Pasco County School District officials are raising big questions with the state over their fourth-grade FCAT writing scores.
The results, assistant superintendent Amelia Larson said, don't jibe with teachers' expectations: They seem too low.
Thirty-seven of the district's 44 elementary schools, and all five charter schools, saw their percentages of students scoring proficient or better drop — more than half by 10 points or more. The overall district passing rate slid to 38 percent, down from 51 percent a year earlier.
Statewide, passage declined by just 4 points, to 57 percent.
"I was shocked when I saw the writing scores," Larson said Monday. "I cannot explain it."
The numbers matter because they're a big piece of the state's school grading system.
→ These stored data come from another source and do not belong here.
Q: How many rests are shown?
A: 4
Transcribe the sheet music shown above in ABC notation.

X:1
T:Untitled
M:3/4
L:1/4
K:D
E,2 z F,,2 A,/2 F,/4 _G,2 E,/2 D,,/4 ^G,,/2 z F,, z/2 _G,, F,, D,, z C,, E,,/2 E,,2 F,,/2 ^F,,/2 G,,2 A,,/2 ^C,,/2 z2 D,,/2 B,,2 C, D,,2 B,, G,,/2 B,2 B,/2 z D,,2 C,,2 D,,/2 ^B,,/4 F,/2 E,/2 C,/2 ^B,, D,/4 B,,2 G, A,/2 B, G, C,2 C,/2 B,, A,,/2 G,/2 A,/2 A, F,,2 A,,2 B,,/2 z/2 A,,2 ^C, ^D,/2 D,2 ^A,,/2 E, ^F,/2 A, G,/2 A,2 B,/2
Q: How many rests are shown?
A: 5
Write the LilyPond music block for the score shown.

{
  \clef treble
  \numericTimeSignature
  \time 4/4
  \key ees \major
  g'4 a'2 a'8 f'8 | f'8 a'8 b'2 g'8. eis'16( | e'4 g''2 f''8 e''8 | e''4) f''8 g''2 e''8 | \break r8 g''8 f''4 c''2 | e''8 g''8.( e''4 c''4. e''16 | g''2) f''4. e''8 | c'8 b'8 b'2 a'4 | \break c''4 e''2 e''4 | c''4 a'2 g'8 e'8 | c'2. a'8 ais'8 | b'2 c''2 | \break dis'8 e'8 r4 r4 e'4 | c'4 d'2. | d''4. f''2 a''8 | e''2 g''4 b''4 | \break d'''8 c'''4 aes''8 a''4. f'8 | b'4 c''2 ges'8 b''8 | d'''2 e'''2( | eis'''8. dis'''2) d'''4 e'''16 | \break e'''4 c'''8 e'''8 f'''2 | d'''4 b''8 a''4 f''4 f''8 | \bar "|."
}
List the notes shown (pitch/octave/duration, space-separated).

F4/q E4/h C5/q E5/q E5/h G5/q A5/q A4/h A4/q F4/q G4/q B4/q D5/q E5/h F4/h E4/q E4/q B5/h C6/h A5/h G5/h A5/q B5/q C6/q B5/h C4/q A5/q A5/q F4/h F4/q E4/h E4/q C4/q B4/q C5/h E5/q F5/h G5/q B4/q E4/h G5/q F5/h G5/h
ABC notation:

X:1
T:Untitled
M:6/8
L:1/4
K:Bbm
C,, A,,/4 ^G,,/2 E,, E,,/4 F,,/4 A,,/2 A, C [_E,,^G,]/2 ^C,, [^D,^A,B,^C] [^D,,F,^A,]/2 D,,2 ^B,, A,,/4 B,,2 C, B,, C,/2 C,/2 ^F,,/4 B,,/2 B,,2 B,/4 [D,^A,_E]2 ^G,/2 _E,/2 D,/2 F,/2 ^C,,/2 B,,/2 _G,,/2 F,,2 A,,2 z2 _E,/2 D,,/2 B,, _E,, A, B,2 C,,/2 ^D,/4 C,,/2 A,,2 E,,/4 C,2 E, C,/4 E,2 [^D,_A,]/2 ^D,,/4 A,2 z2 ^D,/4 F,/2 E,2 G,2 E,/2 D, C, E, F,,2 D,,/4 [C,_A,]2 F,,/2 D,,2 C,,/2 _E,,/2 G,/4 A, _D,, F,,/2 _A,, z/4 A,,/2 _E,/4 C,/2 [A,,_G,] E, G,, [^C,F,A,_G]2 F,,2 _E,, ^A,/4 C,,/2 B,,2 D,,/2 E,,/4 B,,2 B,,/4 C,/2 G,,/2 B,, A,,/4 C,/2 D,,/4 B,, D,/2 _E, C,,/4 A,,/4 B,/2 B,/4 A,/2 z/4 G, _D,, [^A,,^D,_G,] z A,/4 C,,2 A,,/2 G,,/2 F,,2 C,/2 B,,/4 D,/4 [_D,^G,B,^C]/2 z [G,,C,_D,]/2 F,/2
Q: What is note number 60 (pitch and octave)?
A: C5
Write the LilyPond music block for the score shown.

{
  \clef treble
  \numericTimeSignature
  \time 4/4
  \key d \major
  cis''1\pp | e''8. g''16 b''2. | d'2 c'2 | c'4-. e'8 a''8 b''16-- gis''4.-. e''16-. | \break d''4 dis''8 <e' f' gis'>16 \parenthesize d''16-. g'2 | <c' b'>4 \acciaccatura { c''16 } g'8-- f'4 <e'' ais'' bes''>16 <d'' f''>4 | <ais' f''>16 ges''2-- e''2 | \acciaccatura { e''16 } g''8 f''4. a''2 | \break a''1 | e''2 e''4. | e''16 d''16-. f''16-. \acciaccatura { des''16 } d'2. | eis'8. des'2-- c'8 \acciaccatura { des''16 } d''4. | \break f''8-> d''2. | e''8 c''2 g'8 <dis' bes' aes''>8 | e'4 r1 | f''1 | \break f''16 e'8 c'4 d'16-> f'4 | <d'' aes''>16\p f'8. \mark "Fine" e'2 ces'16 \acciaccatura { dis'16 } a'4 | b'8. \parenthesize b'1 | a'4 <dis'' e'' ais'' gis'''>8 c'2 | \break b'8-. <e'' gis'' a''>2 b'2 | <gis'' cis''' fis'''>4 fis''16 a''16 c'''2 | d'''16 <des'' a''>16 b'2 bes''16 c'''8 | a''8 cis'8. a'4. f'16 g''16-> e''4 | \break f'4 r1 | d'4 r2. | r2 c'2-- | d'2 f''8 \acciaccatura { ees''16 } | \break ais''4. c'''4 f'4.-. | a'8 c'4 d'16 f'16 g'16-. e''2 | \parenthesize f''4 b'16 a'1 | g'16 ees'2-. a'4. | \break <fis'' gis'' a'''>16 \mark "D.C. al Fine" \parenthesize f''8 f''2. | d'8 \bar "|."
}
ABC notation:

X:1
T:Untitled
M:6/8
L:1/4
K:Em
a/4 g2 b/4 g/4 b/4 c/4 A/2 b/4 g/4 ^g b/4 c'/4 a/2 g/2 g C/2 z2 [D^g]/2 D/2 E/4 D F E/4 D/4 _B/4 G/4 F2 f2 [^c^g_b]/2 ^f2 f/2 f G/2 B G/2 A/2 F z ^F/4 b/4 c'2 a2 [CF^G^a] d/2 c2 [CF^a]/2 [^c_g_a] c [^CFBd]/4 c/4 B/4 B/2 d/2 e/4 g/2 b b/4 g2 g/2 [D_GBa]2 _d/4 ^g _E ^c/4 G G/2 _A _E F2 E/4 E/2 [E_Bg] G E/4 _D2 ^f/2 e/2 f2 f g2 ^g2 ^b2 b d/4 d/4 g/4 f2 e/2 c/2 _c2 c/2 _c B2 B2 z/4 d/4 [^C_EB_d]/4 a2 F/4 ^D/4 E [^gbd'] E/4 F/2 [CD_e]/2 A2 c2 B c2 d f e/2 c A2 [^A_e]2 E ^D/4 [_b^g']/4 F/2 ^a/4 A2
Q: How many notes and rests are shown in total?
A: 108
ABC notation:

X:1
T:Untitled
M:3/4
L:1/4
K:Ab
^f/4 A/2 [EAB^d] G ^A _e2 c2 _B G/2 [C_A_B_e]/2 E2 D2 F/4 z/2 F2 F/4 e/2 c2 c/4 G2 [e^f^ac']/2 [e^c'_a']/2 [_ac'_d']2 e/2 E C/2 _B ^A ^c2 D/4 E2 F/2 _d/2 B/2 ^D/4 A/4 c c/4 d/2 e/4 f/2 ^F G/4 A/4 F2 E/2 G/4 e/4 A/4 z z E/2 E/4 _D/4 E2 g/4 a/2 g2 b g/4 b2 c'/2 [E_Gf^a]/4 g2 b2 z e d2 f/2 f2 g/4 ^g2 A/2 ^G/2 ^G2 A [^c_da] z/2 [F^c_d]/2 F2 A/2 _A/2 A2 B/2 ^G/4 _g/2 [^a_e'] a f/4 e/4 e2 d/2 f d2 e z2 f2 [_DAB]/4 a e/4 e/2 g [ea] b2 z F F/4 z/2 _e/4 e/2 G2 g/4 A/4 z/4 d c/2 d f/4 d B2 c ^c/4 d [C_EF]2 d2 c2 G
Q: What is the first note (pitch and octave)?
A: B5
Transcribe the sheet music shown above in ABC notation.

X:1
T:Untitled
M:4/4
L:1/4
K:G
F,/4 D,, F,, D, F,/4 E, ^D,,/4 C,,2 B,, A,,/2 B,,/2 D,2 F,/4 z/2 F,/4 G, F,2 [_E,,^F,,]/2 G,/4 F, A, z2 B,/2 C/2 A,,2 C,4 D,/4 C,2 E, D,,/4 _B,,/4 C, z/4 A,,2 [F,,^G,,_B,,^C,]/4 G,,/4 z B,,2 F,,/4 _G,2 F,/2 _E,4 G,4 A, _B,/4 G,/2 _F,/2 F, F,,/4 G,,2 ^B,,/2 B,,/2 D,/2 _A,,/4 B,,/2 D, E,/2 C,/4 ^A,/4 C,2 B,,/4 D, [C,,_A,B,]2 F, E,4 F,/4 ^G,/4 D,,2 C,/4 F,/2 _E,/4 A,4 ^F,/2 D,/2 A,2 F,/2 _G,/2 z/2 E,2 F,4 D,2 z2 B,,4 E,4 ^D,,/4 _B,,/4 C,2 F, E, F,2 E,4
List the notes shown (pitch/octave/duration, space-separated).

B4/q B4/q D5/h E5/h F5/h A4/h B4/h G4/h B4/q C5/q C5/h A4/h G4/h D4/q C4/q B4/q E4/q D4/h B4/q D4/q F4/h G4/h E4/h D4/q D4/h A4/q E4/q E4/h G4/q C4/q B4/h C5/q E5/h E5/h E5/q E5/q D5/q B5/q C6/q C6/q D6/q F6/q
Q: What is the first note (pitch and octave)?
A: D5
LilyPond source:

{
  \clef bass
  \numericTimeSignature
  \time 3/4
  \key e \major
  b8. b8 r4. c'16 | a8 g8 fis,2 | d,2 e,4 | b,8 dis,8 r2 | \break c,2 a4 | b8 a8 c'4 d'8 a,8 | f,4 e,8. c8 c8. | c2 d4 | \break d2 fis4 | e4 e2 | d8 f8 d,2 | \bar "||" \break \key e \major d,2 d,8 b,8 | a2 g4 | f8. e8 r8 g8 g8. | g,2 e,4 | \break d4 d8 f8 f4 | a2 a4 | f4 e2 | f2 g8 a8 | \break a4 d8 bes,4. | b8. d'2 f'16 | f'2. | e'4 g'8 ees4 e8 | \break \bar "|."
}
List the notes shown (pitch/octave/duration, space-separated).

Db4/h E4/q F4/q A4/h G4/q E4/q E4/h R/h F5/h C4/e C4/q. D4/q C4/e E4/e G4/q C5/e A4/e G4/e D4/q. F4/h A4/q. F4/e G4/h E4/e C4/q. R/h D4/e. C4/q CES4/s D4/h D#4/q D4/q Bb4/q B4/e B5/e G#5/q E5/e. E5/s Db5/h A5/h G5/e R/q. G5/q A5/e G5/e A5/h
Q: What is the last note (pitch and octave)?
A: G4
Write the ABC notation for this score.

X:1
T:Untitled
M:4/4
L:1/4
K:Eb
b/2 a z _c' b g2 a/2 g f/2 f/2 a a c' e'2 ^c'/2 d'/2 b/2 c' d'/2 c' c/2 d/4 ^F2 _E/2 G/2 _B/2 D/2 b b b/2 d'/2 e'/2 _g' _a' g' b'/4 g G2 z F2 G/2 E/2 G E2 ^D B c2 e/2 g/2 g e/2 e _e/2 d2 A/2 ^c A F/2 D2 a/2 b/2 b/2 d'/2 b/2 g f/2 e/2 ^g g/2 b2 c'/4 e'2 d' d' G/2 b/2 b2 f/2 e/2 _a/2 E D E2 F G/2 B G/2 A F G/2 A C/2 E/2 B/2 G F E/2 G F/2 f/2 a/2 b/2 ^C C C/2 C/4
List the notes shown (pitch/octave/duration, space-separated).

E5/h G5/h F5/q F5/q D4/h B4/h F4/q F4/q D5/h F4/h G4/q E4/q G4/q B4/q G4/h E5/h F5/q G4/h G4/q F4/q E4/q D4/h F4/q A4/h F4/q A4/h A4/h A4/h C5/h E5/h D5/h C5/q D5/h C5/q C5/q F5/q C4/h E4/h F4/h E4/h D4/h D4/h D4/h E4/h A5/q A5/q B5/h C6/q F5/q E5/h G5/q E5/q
In 2013, many schools blamed the writing results for their lower than expected grades.
The State Board of Education raised the passing score that year after lowering it in 2012, amid complaints that new changes to the marking guidelines would hurt schools unfairly. This year, the state did not change the scoring model or passing mark.
Fourth graders had to write an explanatory essay this year, instead of a narrative.
Larson said several Pasco teachers contacted her office to voice their uncertainties shortly after receiving individual student results on Friday.
"They were very concerned about inconsistencies," she said.
For example, one teacher of gifted children reported that a student who regularly earned high marks in writing did not pass the FCAT exam, while another who had not done as well got a nearly perfect score.
Usually solid schools saw major dips — Pine View Elementary, for example, fell from 60 percent passing to 29 percent — while the biggest improvement came at the district's most struggling school, Lacoochee Elementary, with a 26-point jump to 52 percent passing.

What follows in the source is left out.